До этой Машки наконец-то стало доходить. Весь ужас создавшегося положения… Эх, ведь правильно мама говорила: не родись красивой, а родись счастливой. Про себя… Но это роли сейчас не играло, потому что формула — универсальная.
Наконец-то Машка перестала болтать, а молча надела, что ей сказали. И зажалась в угол купе… Но разве ее не заметить! Она же большая!.. Накрыть ее, что ли, чем-нибудь?.. Или сказать, что она больная?.. Что у нее оспа или бубонная чума?
Но тогда вообще, — возьмут и пристрелят. Из брезгливости.
Это же надо, — так прокатиться! Это же надо, — так бездарно залететь!.. И куда он только смотрел раньше. Как только забыл, в какой стране живет!..
Маша по-прежнему не могла прийти в себя от изумления. Иван готовился ее защищать!
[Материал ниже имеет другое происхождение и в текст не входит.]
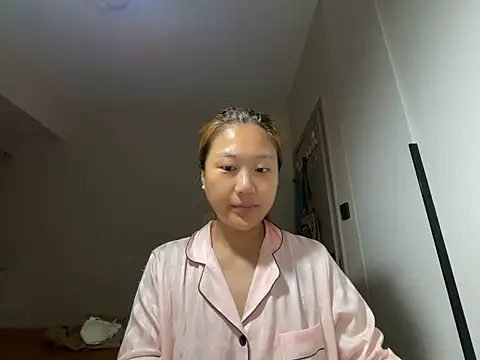 tutu512 online show from June 20, 5:18 pm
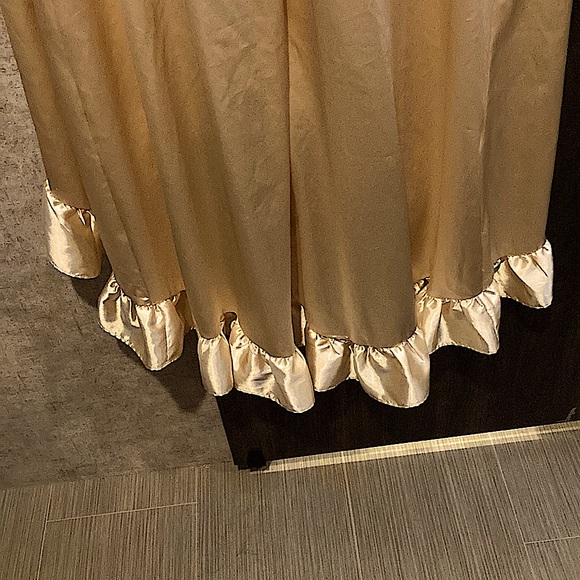 Francesca’s Collections worn once. Size L-XL. Light Gold. Retro inspired dress. - Picture 5 of 10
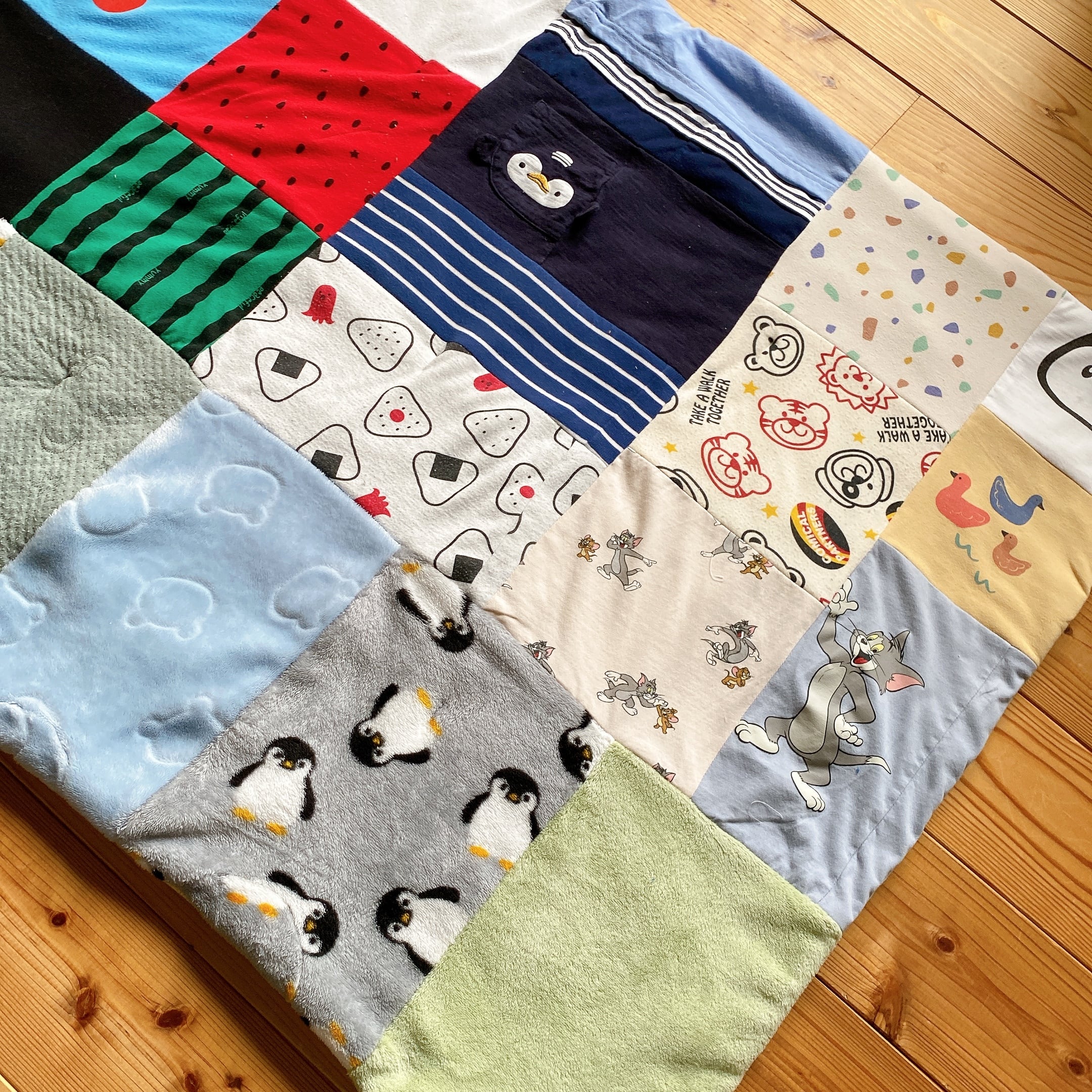 オーダーのお品】ベビー服リメイク（ブランケット＆ポーチ＆巾着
Этот мальчик, за которым необходим глаз да глаз, который нуждается в воспитании и в хорошем образовании, которому сейчас нужно быть не здесь, а сидеть на уроке за школьной партой, а после уроков играть в футбол или делать домашние задания, — этот мальчик хочет оградить ее от каких-то ужасных людей, которые вот-вот ворвутся в их купе… Все-таки, если существуют на свете высшие существа, то это — настоящие мужчины. Такие, как он.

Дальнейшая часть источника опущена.